Recipes for Recovery

- by Bruce E. McKinney


John Bruno: Be up to the challenge

"In doing this I'm finding there's a clear distinction between history and nostalgia. Older collectors think about history, younger collectors feel nostalgia. The online audience is younger and their nostalgia translates into comics, videos, reel to reels, and images that were new 35 years ago. Collectible it turns out is what stimulates memory and pleasure. A book collector may think of the Civil War, the new collector the memorabilia of Martin Luther King."

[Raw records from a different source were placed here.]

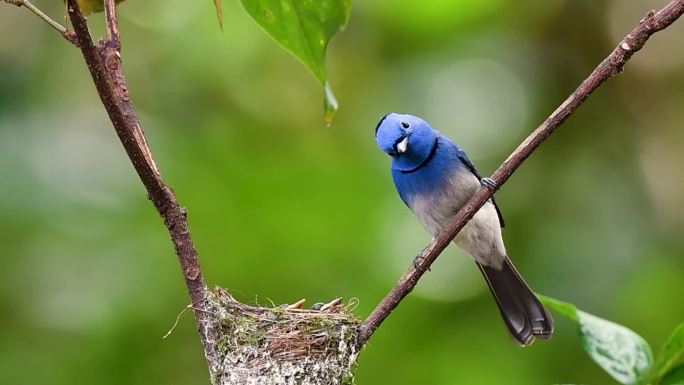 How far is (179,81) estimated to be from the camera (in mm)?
4980

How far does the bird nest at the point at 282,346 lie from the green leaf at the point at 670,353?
0.94m

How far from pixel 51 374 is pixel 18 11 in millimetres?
2000

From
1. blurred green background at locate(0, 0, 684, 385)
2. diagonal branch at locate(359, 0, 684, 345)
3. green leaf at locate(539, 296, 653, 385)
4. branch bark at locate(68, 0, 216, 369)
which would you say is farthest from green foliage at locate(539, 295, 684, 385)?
blurred green background at locate(0, 0, 684, 385)

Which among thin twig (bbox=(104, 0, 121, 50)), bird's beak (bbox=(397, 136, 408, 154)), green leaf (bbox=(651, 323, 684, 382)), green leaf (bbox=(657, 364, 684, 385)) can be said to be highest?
thin twig (bbox=(104, 0, 121, 50))

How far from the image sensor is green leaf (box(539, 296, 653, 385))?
2152mm

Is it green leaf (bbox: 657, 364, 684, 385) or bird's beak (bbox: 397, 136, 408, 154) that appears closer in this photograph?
green leaf (bbox: 657, 364, 684, 385)

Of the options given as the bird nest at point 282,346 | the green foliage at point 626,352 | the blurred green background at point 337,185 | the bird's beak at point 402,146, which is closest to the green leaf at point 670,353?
the green foliage at point 626,352

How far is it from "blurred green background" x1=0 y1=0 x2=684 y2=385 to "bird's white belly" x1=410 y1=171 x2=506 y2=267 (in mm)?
535

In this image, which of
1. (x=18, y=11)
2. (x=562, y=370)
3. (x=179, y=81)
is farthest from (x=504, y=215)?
(x=18, y=11)

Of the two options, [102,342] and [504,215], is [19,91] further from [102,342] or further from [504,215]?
[504,215]

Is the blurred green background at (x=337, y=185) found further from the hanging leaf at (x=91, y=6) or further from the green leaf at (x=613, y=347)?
the green leaf at (x=613, y=347)

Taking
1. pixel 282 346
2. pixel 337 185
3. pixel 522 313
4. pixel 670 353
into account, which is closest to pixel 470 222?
pixel 522 313

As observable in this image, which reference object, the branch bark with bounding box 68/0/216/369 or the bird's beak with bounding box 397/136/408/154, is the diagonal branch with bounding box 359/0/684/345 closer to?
the branch bark with bounding box 68/0/216/369

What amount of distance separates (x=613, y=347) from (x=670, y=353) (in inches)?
5.7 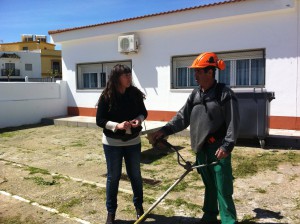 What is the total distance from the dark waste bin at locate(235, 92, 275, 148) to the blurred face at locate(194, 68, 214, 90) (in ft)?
13.8

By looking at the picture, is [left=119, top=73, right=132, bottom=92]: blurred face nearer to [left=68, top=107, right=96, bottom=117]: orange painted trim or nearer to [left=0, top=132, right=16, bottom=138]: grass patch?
[left=0, top=132, right=16, bottom=138]: grass patch

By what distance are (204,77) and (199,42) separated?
6808 millimetres

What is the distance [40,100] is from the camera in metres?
A: 12.3

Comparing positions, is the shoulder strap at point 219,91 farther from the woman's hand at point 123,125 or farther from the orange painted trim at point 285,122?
the orange painted trim at point 285,122

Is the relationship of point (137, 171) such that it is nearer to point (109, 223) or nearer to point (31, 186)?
point (109, 223)

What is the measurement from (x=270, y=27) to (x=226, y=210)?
6590 millimetres

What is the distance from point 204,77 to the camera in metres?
3.16

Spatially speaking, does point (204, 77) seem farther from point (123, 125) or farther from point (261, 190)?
point (261, 190)

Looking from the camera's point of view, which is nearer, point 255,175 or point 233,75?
point 255,175

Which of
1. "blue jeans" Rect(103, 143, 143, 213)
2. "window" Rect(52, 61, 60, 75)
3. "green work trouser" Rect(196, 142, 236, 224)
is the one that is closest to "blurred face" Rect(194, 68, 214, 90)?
"green work trouser" Rect(196, 142, 236, 224)

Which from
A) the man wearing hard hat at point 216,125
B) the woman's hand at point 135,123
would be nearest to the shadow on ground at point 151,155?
the woman's hand at point 135,123

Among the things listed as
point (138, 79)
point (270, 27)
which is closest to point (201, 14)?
point (270, 27)

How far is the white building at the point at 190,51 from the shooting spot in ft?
27.5

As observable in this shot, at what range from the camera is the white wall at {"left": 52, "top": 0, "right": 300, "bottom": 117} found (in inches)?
327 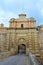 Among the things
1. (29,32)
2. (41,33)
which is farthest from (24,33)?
(41,33)

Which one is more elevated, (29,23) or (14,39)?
(29,23)

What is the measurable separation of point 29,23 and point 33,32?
185cm

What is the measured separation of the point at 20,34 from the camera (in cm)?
3406

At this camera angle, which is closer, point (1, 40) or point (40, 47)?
point (40, 47)

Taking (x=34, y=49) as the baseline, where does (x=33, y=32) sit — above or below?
above

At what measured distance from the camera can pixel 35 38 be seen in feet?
109

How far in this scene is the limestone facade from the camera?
3338 centimetres

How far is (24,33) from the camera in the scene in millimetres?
33844

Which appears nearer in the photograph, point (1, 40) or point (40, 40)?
point (40, 40)

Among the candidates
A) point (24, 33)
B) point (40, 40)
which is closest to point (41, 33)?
point (40, 40)

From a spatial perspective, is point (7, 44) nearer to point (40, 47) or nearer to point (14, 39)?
point (14, 39)

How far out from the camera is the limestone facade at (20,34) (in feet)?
109

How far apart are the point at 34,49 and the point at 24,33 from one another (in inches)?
138

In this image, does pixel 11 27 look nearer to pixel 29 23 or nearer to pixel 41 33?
pixel 29 23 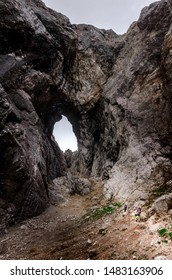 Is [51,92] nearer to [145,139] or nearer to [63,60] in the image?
Result: [63,60]

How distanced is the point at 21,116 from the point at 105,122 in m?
12.8

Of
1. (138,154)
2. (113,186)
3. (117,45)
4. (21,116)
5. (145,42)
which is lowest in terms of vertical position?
(113,186)

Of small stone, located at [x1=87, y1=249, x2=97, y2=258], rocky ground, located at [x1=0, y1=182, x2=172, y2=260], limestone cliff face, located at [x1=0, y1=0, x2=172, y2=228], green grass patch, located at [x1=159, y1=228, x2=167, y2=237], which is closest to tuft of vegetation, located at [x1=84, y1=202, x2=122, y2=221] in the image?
rocky ground, located at [x1=0, y1=182, x2=172, y2=260]

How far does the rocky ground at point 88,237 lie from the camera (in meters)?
15.4

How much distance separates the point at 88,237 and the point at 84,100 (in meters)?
26.7

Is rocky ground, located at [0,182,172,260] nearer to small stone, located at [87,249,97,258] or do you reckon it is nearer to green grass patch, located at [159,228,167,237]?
small stone, located at [87,249,97,258]

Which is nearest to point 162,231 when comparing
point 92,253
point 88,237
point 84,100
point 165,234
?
point 165,234

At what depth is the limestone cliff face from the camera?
2677cm

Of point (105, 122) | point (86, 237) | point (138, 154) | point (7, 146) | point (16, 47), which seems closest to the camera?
point (86, 237)

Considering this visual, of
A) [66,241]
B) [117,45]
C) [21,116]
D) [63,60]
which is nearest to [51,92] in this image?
[63,60]

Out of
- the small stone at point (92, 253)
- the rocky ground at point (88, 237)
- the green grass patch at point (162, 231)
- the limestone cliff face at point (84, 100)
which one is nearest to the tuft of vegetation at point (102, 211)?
the rocky ground at point (88, 237)

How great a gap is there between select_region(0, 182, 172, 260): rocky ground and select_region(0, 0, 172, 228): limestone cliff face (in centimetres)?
234

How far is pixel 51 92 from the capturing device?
40531 millimetres

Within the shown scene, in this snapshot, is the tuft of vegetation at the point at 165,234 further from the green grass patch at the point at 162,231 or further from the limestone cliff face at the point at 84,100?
the limestone cliff face at the point at 84,100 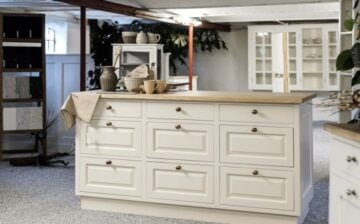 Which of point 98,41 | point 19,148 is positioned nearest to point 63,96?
point 19,148

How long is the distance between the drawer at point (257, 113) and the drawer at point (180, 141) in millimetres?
160

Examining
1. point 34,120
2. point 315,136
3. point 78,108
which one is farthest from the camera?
point 315,136

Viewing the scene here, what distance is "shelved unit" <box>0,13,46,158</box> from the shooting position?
561 centimetres

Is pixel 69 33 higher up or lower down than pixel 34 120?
higher up

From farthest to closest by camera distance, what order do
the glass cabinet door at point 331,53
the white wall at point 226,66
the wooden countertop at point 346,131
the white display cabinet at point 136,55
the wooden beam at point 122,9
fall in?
the white wall at point 226,66 < the glass cabinet door at point 331,53 < the white display cabinet at point 136,55 < the wooden beam at point 122,9 < the wooden countertop at point 346,131

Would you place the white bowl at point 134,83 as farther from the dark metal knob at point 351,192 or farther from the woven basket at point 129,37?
the woven basket at point 129,37

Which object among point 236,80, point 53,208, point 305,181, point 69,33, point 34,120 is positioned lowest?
point 53,208

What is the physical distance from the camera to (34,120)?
5.71 meters

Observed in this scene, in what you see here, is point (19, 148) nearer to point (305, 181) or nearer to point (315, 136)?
point (305, 181)

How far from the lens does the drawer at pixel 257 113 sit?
3119 mm

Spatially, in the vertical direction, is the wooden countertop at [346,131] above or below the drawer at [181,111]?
below

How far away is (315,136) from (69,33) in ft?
15.1

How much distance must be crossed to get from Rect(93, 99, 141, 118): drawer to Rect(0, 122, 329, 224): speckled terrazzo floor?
78 centimetres

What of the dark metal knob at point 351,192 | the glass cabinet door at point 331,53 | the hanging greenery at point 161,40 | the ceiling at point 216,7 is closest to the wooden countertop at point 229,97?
the dark metal knob at point 351,192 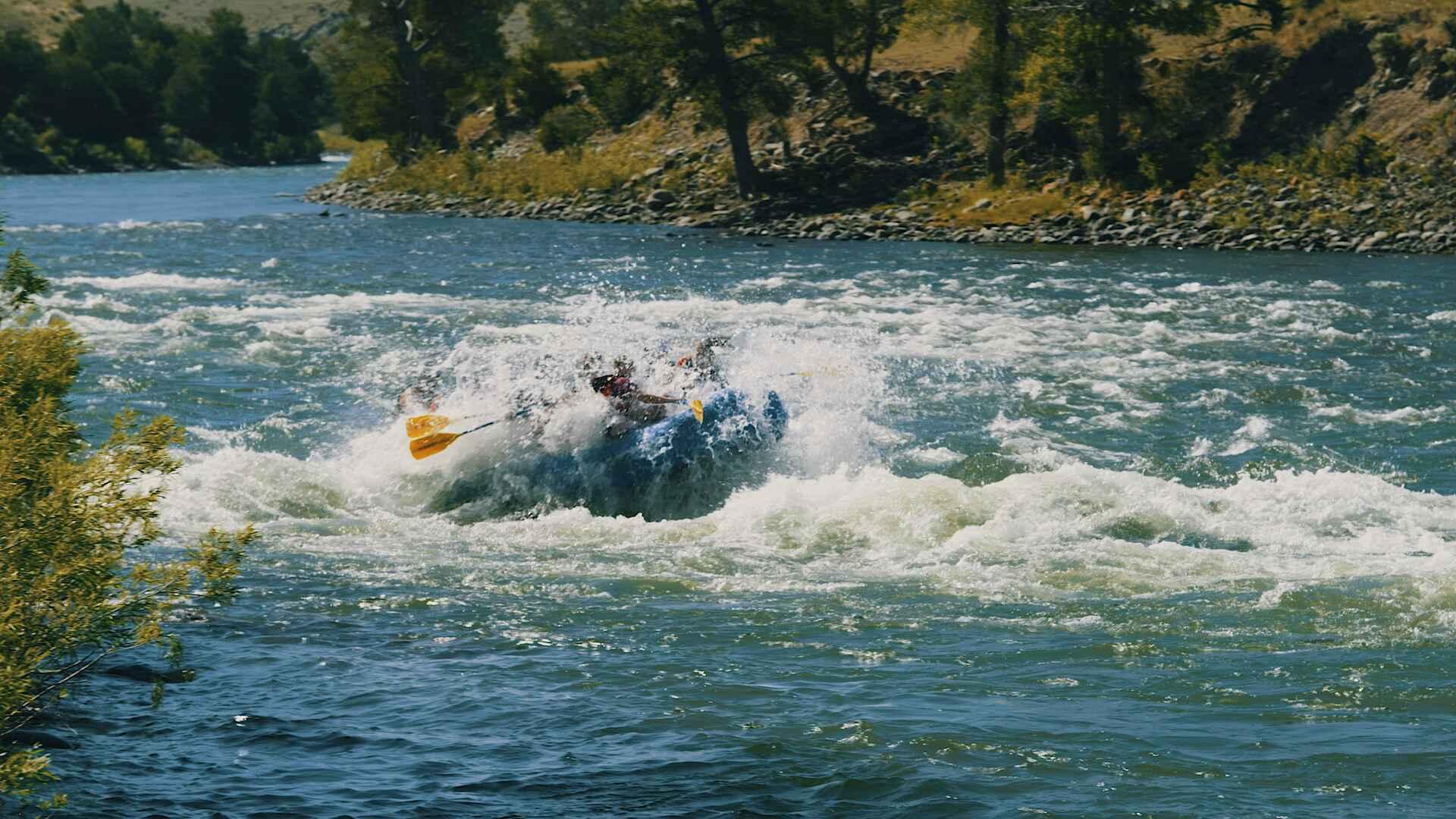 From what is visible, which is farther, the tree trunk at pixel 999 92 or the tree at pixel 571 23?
the tree at pixel 571 23

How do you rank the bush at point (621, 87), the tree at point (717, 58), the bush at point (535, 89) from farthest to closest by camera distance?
the bush at point (535, 89) → the bush at point (621, 87) → the tree at point (717, 58)

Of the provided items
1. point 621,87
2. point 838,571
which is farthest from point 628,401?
point 621,87

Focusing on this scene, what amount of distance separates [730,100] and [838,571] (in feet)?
124

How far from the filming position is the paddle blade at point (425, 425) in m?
20.2

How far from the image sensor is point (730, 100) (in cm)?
5275

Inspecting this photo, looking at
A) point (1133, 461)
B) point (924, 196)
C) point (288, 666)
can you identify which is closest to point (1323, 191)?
point (924, 196)

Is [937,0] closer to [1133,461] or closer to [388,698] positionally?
[1133,461]

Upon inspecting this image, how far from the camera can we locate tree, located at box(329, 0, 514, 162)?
70750mm

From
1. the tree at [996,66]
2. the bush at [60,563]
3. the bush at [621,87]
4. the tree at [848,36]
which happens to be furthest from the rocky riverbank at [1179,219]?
the bush at [60,563]

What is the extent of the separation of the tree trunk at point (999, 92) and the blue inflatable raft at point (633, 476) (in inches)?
1273

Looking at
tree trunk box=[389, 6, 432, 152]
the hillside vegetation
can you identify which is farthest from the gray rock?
the hillside vegetation

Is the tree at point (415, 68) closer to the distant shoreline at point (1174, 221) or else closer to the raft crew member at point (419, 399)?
the distant shoreline at point (1174, 221)

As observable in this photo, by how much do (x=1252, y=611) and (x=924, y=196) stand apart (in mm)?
37046

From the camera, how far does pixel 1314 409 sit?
2406cm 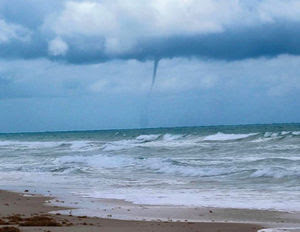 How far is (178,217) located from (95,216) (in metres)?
1.92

"For my shows to succeed I focus on maintaining a clear view of both the exhibitor and the attendee. I can see them both. My job is to get them into the same room. If can keep them both in sight Flamingo will prosper."

Another show organizer, Myron West, speaking on behalf of the Rocky Mountain Map Society, recently suspended the Rocky Mountain Antique Map Fair that had been scheduled for September 18th and 19th. This would have been the 9th annual. Its focus was more toward the traditional collector. Without a transition to the new collector, such events will struggle. This fair and others may suffer for a while.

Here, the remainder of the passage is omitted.